Should I call backward() separately on each stochastic node?

pbloem · November 18, 2017, 2:27pm

I have a model which has a single sample from a multinomial pretty far upstream. Other than that it’s a standard supervised learning model, resulting in a single loss value at the end.

I’ve got my head around the reinforce function. I now do the following:

Compute a loss vector L over the batch (i.e. the batch loss, but not summed)
Pass the negative of this loss to reinforce() on the Variable returned by torch.multinomial().
Call backward() on the sum of the loss.
Call optimizer.step()

Doing this, the gradient over the parameters of the multinomial is None. Only if I call backward() also on the output of torch.multinomial() (after calling reinforce()) do I get a gradient. Is this the correct approach, or am I misunderstanding something?

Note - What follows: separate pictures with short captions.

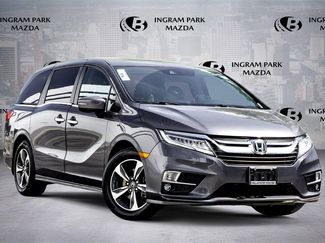 Used 2018 Honda Odyssey Touring video 1
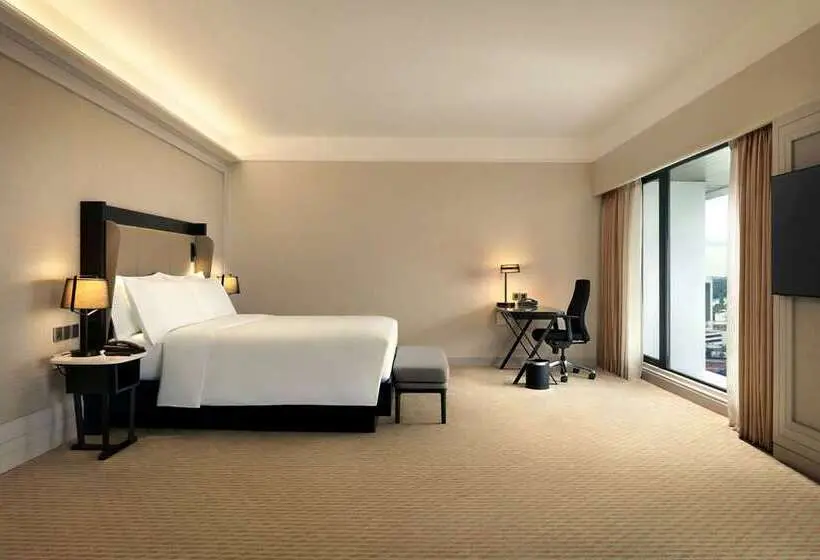 اتاق خانوادگی تودرتو, Hilton Dubai Palm Jumeirah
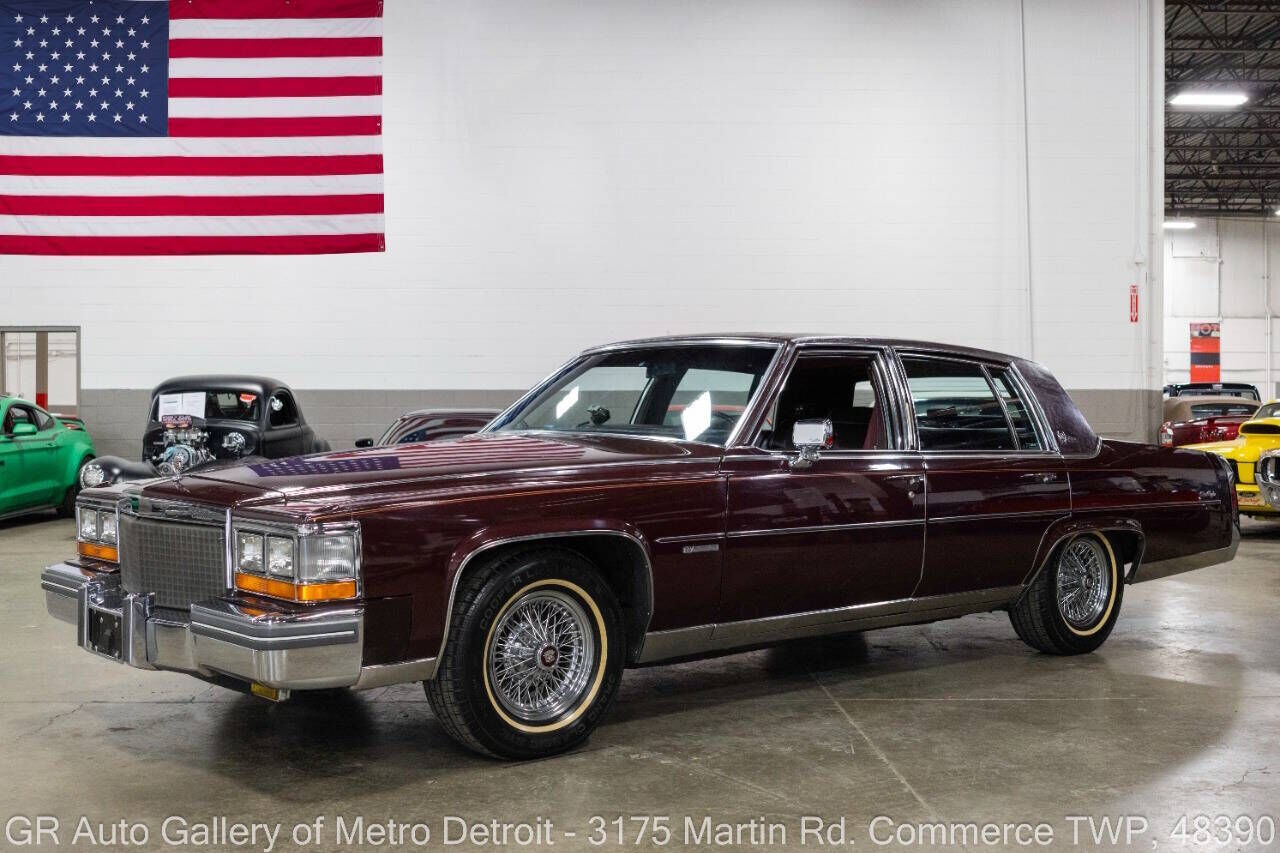 1981 CADILLAC Fleetwood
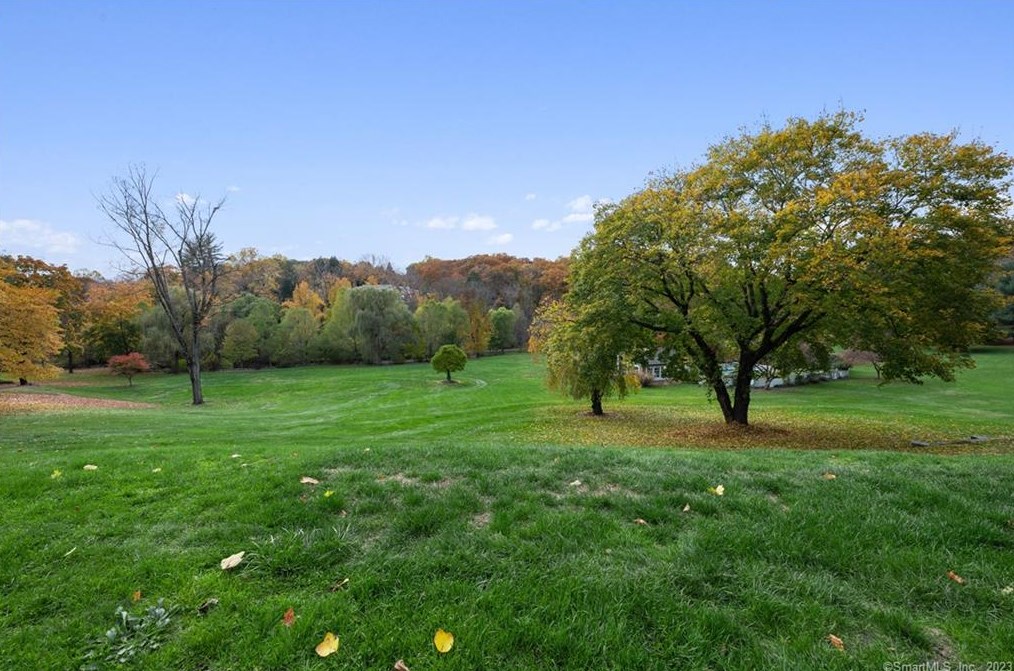 9 Sherwood Ave, Greenwich, CT 06831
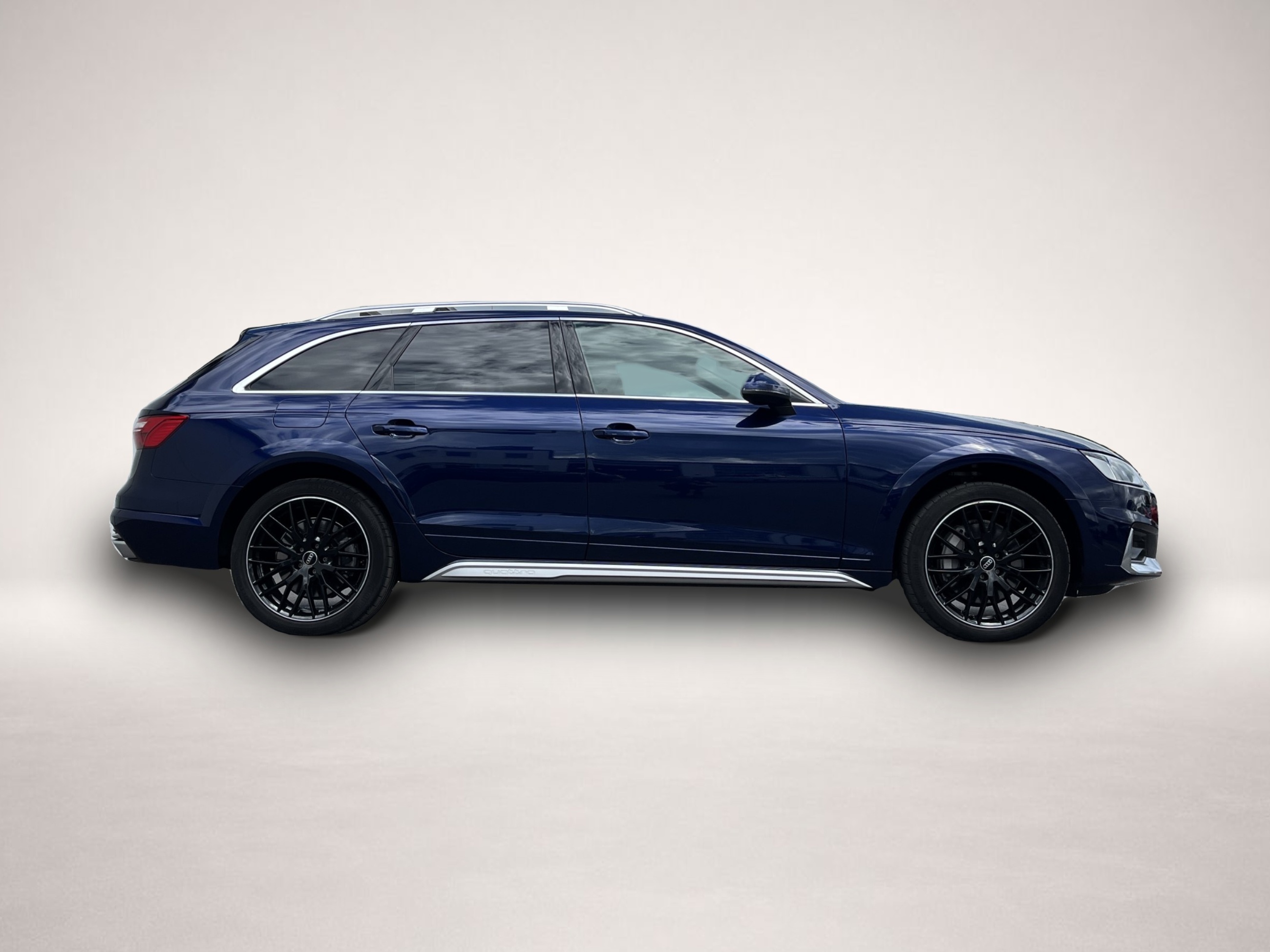 Bild 4 Audi A4 allroad 2.0 TFSI quattro S tronic AHK Navi LE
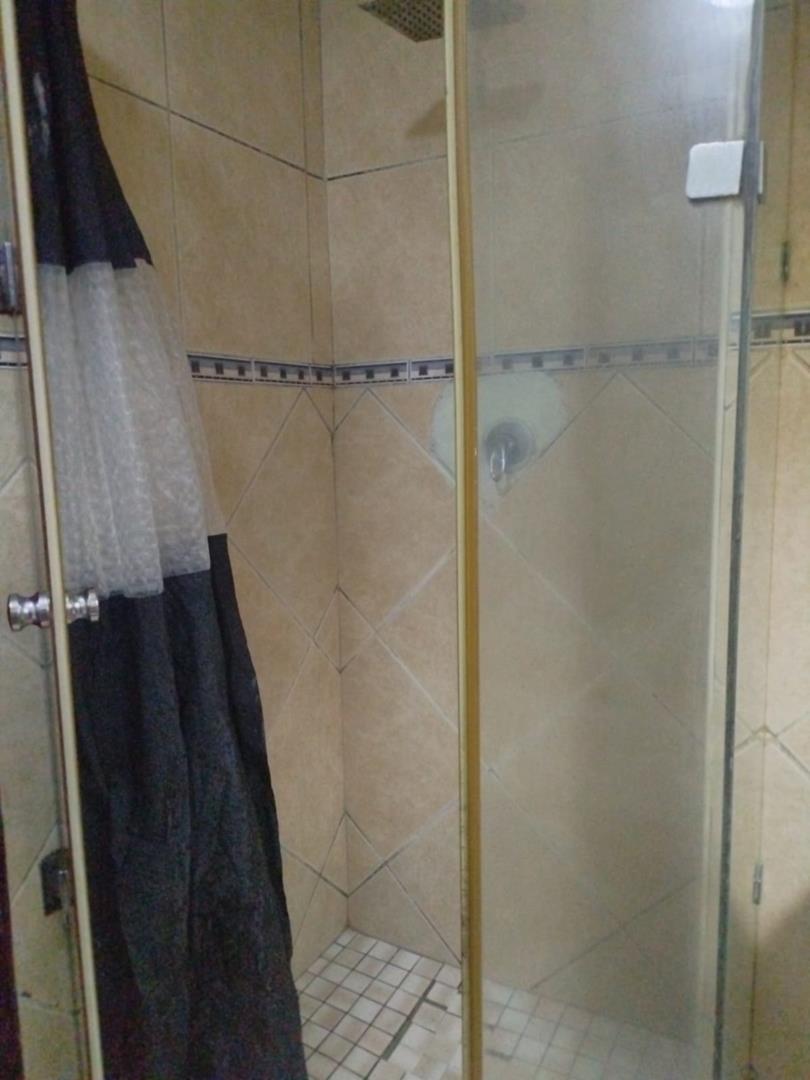 2 Bedroom Property for Sale in Mulbarton Gauteng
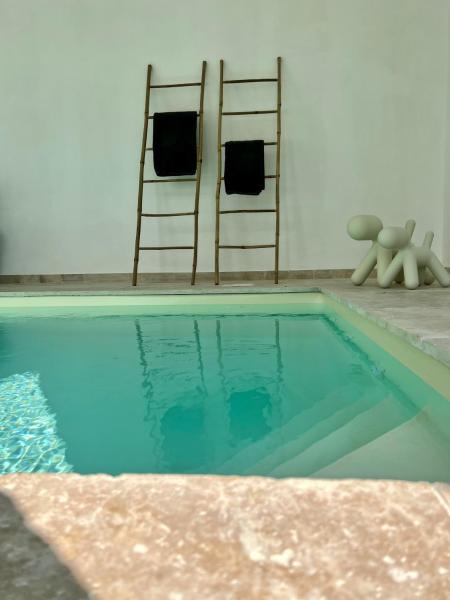 Manoir Les Feuillantines Piscine & Spa, Rezerwuj  Isques 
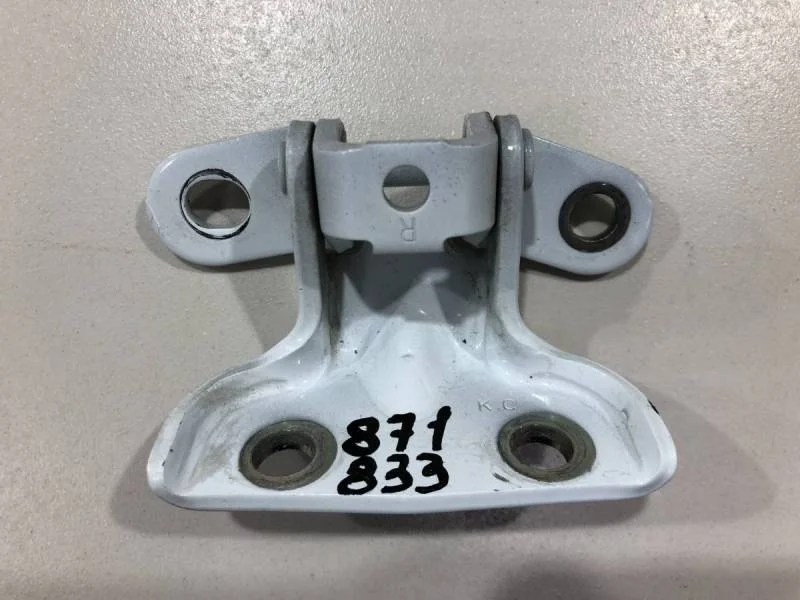 Петля двери задней правой верхняя Kia Rio 4 (FB) 2017>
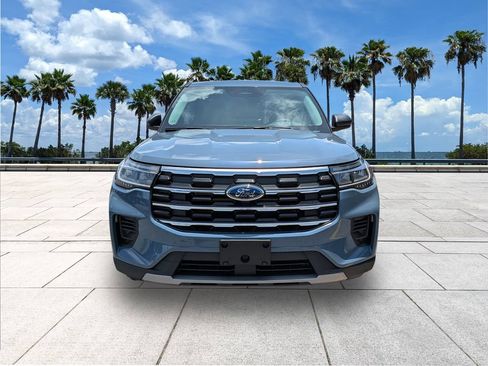 New 2026 Ford Explorer Active RWD image 2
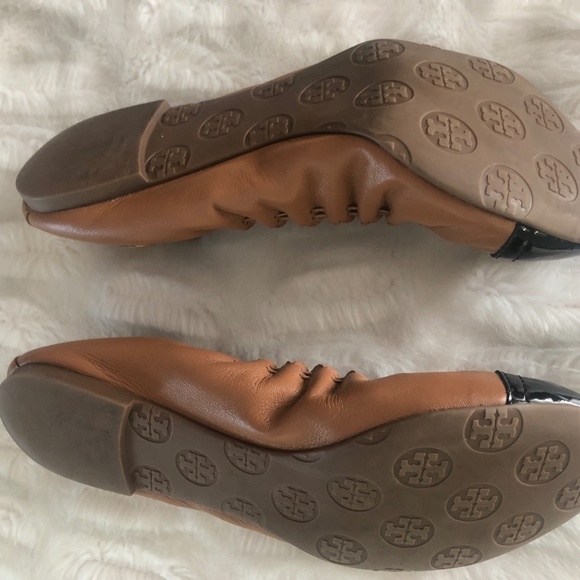 7 Tory Burch Abbey Mestico Flats - Picture 3 of 5
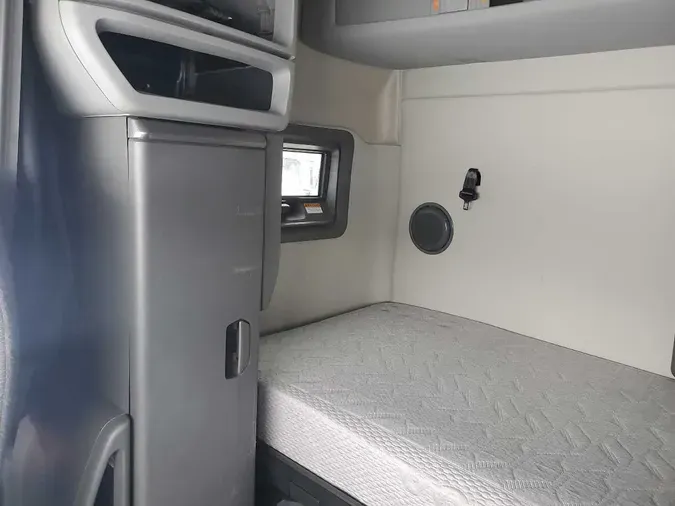 2022 VOLVO VNL64T740101f3d9deadcffec0303c3df3c68f8d9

hughperkins · November 18, 2017, 2:47pm

Thats correct. but personally, I just do the calcs myself, since:

then I dont have to think about this so much: it resembles REINFORCE more
in next torch version, the api is very similar to doing it by hand, so migraiton will be easier
makes it easier for non-pytorch people to read too

The calcs by hand, compared with reinforce, is something like:

import torch
from torch import autograd, nn, optim
import torch.nn.functional as F
from torch.autograd import Variable
import numpy as np


def run_model(x, h1):
    torch.manual_seed(123)
    params = list(h1.parameters())

    logits = h1(Variable(x))
    probs = F.softmax(logits)
    a = torch.multinomial(probs)
    print('a', a)
    return logits, probs, a


def get_r():
    torch.manual_seed(123)
    r = torch.rand(4, 1)
    return r


def run_by_hand(params, x, h1):
    print('')
    print('=======')
    print('by hand')
    h1.zero_grad()

    logits, probs, a = run_model(x, h1)
    g = torch.gather(probs, 1, Variable(a.data))
    log_g = g.log()
    a = a.data

    r = get_r()
    r_loss = - (log_g * Variable(r)).sum()
    r_loss.backward()
    print('params.grad', params.grad)


def run_pytorch_reinforce(params, x, h1):
    print('')
    print('=======')
    print('pytorch reinforce')
    h1.zero_grad()
    x1, x2, a = run_model(x, h1)
    r = get_r()
    a.reinforce(r)
    autograd.backward([a], [None])
    print('params.grad', params.grad)


def run():
    N = 4
    K = 1
    C = 3

    torch.manual_seed(123)
    x = torch.ones(N, K)
    h1 = nn.Linear(K, C, bias=False)
    params = list(h1.parameters())[0]
    run_by_hand(params, x, h1)
    run_pytorch_reinforce(params, x, h1)


if __name__ == '__main__':
    run()